An electronic management system distributes power to each of the four wheels as required. In normal conditions the power is split 60/40 between the rear and front wheels respectively.
Under the R5's bonnet lurks a 220kW, 5.0-litre V8 mated to a five-speed manual transmission. Stopping power is provided by large four-wheel discs with twin-pot calipers.
The R5 is based upon a Falcon ute platform but it rides 70mm higher and has about 150mm more ground clearance, which should endow it with at least some degree of off-road ability.
Its 17x8-inch alloy wheels are fitted with 235/65R17 F1 Wrangler tyres.
Finished in a new "Uluru Sunset" paint scheme, the R5 morphs from yellow to purple, depending upon the light.
The deeply sculptured front bumper, wheel arch flares and integrated side skirts add to the vehicle's purposeful appearance.

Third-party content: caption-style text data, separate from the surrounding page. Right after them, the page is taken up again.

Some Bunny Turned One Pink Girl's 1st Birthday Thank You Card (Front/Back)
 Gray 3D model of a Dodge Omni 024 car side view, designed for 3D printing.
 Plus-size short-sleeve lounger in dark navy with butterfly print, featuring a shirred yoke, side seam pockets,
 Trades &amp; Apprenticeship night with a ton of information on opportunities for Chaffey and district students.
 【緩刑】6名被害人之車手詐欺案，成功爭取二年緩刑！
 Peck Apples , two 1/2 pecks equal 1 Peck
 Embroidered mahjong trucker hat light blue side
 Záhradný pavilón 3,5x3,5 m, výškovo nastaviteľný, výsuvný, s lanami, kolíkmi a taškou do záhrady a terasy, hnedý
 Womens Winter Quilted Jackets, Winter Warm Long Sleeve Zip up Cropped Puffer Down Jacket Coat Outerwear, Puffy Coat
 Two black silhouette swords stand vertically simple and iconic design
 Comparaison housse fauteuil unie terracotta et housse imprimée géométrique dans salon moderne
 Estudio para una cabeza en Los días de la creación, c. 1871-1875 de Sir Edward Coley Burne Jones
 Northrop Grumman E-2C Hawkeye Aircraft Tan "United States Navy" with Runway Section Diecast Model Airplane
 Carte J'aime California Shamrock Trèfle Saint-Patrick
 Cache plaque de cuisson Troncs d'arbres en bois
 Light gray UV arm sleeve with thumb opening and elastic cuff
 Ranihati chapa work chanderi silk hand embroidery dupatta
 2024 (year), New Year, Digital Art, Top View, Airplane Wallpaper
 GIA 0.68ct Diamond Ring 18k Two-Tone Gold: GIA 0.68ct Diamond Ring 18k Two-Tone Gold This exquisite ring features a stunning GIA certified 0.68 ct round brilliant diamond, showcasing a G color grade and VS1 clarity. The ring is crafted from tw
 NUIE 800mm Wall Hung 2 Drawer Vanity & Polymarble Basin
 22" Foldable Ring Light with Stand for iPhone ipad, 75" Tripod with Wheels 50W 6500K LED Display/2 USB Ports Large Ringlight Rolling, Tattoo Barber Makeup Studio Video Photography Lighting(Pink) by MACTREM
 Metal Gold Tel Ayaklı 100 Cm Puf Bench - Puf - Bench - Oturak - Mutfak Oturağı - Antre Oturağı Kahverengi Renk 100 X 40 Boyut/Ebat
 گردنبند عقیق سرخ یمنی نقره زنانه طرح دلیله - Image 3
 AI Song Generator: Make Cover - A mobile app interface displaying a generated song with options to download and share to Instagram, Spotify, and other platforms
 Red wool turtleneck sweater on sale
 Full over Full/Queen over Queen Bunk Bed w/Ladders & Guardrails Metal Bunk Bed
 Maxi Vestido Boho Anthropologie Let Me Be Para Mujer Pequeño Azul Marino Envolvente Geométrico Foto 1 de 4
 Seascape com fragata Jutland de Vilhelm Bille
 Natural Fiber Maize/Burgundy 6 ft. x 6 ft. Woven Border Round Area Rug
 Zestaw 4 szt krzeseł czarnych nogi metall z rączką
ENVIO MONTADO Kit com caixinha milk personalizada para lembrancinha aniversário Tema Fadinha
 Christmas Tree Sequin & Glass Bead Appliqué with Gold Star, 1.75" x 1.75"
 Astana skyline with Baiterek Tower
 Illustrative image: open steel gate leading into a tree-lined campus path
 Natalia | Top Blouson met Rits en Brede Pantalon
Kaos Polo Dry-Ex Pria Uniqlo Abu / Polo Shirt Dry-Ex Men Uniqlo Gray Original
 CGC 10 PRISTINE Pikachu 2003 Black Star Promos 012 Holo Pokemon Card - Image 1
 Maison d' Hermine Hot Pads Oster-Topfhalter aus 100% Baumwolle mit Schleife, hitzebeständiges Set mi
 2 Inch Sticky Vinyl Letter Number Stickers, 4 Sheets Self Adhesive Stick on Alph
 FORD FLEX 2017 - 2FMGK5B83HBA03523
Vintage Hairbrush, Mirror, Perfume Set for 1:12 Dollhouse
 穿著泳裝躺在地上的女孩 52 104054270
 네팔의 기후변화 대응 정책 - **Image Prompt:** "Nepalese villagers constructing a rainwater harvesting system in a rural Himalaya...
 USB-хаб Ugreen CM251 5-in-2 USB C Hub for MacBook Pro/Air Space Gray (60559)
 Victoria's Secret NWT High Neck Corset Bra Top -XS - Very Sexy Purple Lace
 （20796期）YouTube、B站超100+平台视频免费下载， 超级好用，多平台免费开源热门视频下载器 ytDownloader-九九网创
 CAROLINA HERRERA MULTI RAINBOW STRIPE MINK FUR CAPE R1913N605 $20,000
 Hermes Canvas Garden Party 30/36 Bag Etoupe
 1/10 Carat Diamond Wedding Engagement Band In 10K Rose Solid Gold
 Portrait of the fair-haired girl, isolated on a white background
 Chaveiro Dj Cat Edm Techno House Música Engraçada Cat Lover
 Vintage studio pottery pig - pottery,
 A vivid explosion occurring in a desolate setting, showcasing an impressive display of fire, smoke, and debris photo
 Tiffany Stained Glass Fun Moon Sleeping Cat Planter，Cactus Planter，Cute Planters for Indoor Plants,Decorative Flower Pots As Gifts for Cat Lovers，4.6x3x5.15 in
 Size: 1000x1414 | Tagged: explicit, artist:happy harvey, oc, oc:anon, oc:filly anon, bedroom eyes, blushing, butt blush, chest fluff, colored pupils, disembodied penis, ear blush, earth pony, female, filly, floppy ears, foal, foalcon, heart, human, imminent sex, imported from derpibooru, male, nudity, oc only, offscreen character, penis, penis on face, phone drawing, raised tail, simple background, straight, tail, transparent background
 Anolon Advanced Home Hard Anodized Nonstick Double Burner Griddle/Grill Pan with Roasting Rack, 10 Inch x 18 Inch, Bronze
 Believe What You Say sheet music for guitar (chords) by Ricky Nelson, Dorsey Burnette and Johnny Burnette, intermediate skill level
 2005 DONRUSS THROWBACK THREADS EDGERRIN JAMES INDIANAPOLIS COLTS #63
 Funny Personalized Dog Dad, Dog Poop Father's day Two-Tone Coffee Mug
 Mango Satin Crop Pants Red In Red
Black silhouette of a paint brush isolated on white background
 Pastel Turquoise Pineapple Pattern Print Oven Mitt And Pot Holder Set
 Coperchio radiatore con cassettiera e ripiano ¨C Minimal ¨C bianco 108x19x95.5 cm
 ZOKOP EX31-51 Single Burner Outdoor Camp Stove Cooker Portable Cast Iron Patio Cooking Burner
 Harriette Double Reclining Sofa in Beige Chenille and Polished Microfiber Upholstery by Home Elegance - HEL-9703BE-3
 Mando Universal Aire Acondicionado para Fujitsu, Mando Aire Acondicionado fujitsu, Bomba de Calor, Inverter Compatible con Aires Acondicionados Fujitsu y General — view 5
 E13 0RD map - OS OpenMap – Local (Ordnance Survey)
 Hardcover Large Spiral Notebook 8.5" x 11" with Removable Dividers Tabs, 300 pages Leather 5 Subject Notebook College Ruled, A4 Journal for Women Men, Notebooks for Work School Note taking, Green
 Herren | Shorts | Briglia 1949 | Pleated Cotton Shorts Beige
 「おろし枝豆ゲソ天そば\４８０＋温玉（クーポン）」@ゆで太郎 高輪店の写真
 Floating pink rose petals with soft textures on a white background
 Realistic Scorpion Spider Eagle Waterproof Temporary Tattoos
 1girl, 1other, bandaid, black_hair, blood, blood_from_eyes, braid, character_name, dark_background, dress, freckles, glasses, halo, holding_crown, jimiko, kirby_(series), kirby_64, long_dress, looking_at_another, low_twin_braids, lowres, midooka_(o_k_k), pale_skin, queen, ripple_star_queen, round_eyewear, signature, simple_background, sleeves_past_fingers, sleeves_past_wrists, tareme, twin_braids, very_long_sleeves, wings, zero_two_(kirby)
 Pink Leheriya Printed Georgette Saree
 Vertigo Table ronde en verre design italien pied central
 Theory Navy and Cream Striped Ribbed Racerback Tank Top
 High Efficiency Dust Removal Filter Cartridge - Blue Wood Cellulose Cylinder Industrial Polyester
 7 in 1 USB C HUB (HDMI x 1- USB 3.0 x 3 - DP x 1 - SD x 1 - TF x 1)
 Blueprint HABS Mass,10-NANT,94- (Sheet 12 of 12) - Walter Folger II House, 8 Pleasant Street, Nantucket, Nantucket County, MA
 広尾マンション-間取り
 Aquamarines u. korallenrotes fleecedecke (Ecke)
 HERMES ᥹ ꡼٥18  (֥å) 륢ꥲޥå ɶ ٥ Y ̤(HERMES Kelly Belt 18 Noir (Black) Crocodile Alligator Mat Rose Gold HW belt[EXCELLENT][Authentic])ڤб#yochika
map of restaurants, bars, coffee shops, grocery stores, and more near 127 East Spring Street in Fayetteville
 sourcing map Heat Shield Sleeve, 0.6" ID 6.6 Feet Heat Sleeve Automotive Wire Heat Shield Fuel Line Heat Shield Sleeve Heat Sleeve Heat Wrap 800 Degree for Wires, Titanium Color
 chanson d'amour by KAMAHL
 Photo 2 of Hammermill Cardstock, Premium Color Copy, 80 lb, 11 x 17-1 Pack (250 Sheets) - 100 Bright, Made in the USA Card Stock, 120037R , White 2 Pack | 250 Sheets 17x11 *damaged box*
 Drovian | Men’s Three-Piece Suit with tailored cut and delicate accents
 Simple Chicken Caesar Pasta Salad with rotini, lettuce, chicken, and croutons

The front bumper houses a simple mesh grille, high performance quad beam headlights and low-mounted driving lights.
A one-tonne electric winch has been concealed behind a mesh insert in the lower intake area of the front bumper and a nudge bar is mounted around the winch. Twin sideport exhaust outlets are located in front of the rear wheel arches on each side of the car.
Entry to the cabin is via standard forward doors and unique rear opposed doors, and is assisted by the deletion of the B-pillar.
New Explorer WHILE the all-new Ford Explorer has only just been launched in the US, the off-roader has already spent a considerable amount of time in Australia.
Heavily disguised prototypes of the new Explorer have been sent to some of the harshest Australian conditions engineers could find over the past two years to ensure the new off-roader would cope.
"The new Explorer has been designed from the ground up," Ford's commercial marketing manager Kevin Lillie said.
"We drove the prototypes when they first arrived and were very impressed by the general refinement and vehicle dynamics. They were even better once the local development program was completed." Changes to the Explorer suspension for the Australian market include unique bushes, spring settings and sway bars.
While the length and width of the Explorer remain unchanged, the wheelbase is substantially longer and wider than the current model.
The new Explorer's off-road capability has improved with increased ground clearance and better approach and departure angles.
Engine choices will comprise a new all-aluminium, 4.6-litre V8 and an improved 4.0-litre V6.
The V6 engine will come with a choice of manual or automatic transmissions while the V8 will be teamed only with the automatic transmission. A sophisticated IRS system is also standard.
An optional, fully integrated third row seat allows the Explorer to seat up to seven occupants. The second and third row seats fold down to create a flat-surfaced cargo area.
The new Explorer will go on sale in Australia around the middle of 2001. Model line-ups, features and options will be confirmed closer to launch.